■ Records supplied
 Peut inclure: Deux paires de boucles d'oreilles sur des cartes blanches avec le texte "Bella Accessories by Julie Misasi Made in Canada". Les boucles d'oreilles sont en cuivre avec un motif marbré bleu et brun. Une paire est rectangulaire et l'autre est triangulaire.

---

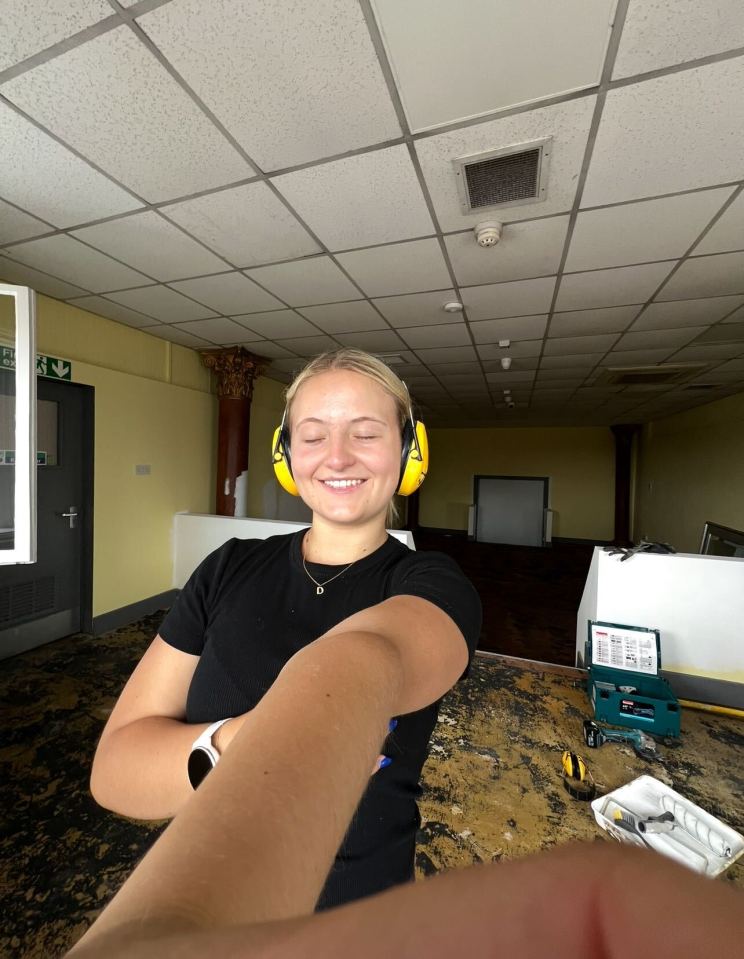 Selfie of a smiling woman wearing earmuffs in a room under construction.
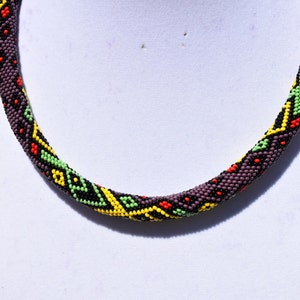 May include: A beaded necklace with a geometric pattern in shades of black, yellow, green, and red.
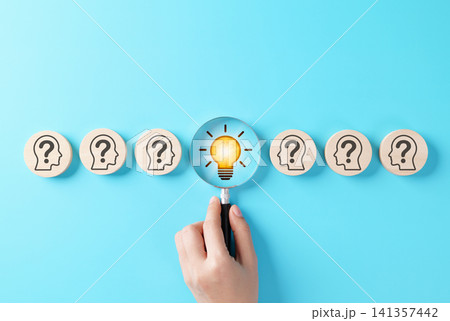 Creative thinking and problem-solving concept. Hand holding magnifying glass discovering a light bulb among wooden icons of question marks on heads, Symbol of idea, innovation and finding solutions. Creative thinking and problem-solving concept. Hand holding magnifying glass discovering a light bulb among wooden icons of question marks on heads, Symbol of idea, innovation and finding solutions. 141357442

---

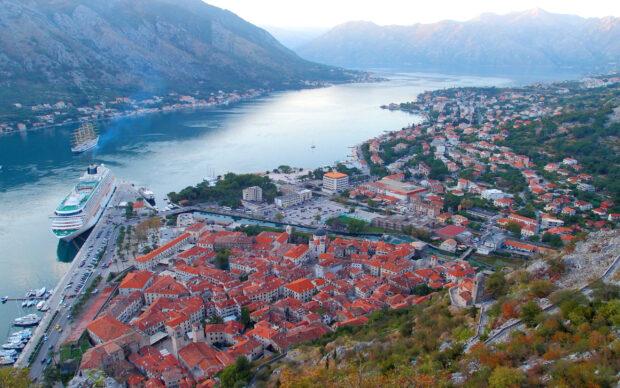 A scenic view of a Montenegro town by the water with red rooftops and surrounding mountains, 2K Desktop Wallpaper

■ What the task requires
Copy word for word only the lines above from the one with "Selfie of a" through the one with "finding solutions. 141357442". Leave pictures out.

■ Exercise solution
 Selfie of a smiling woman wearing earmuffs in a room under construction.
 May include: A beaded necklace with a geometric pattern in shades of black, yellow, green, and red.
 Creative thinking and problem-solving concept. Hand holding magnifying glass discovering a light bulb among wooden icons of question marks on heads, Symbol of idea, innovation and finding solutions. Creative thinking and problem-solving concept. Hand holding magnifying glass discovering a light bulb among wooden icons of question marks on heads, Symbol of idea, innovation and finding solutions. 141357442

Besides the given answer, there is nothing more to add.